» DESCRIPTION OF THE TASK:
The answer is to be the lines below that lie between the line holding "Spearhead: City of Ash - view 34" and the line holding "Lido Beach Apartments, Nuovi", inclusive, transcribed exactly and free of pictures.

» DATA LISTING:
►

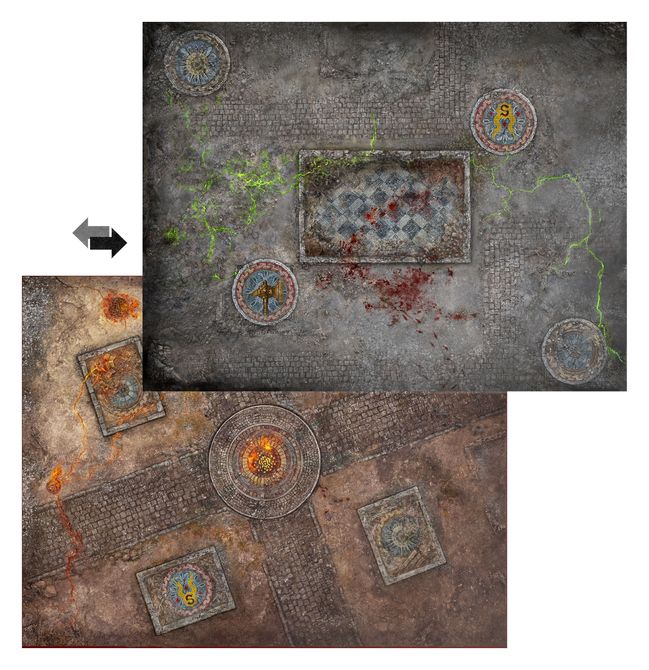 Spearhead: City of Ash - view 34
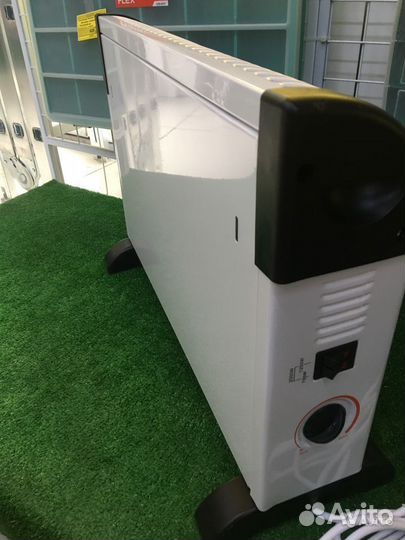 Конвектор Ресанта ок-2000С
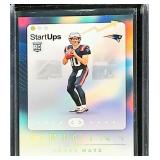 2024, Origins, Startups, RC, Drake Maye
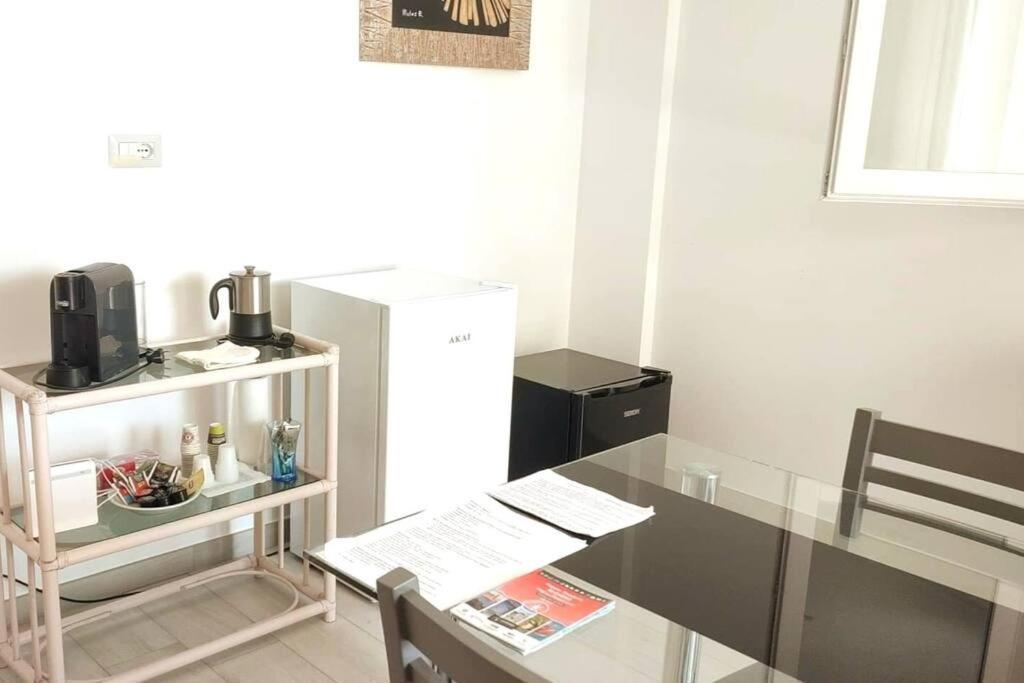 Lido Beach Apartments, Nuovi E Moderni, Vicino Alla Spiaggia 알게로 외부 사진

◄
►

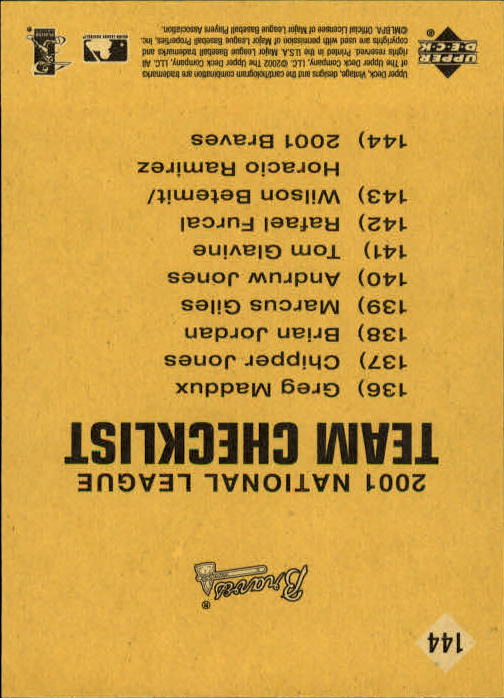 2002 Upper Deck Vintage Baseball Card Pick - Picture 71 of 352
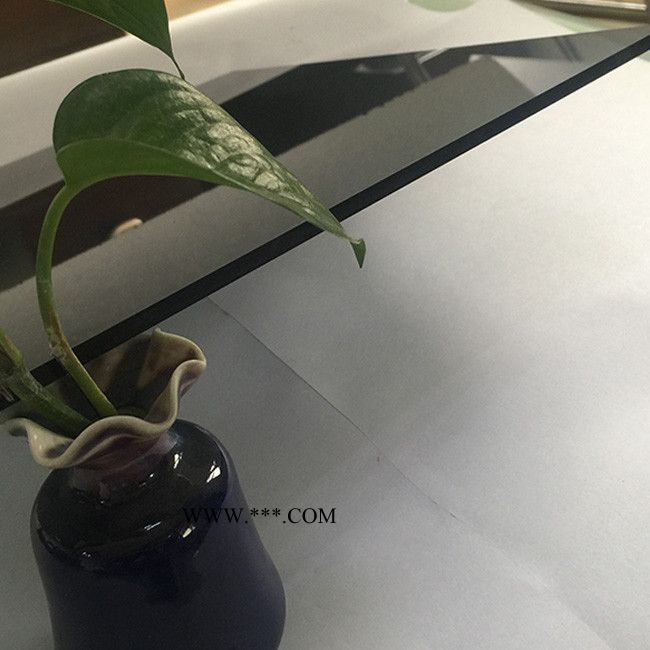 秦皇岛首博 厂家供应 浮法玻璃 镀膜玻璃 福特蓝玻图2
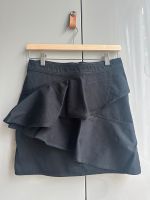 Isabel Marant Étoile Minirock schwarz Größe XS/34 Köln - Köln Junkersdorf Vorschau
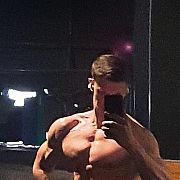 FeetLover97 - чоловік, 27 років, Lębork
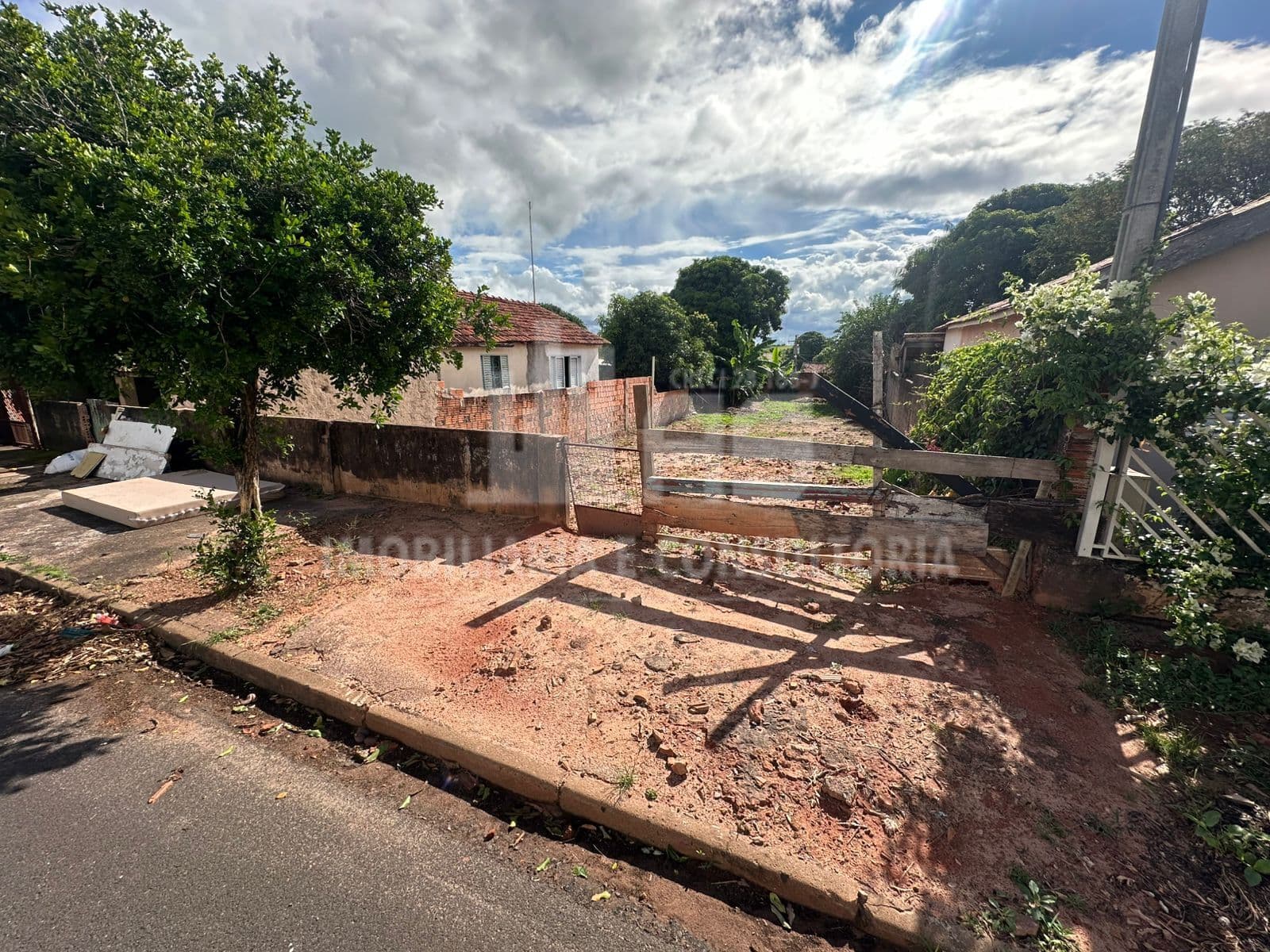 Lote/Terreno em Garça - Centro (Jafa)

◄

» EXPECTED ANSWER:
 Spearhead: City of Ash - view 34
 Конвектор Ресанта ок-2000С
 2024, Origins, Startups, RC, Drake Maye
 Lido Beach Apartments, Nuovi E Moderni, Vicino Alla Spiaggia 알게로 외부 사진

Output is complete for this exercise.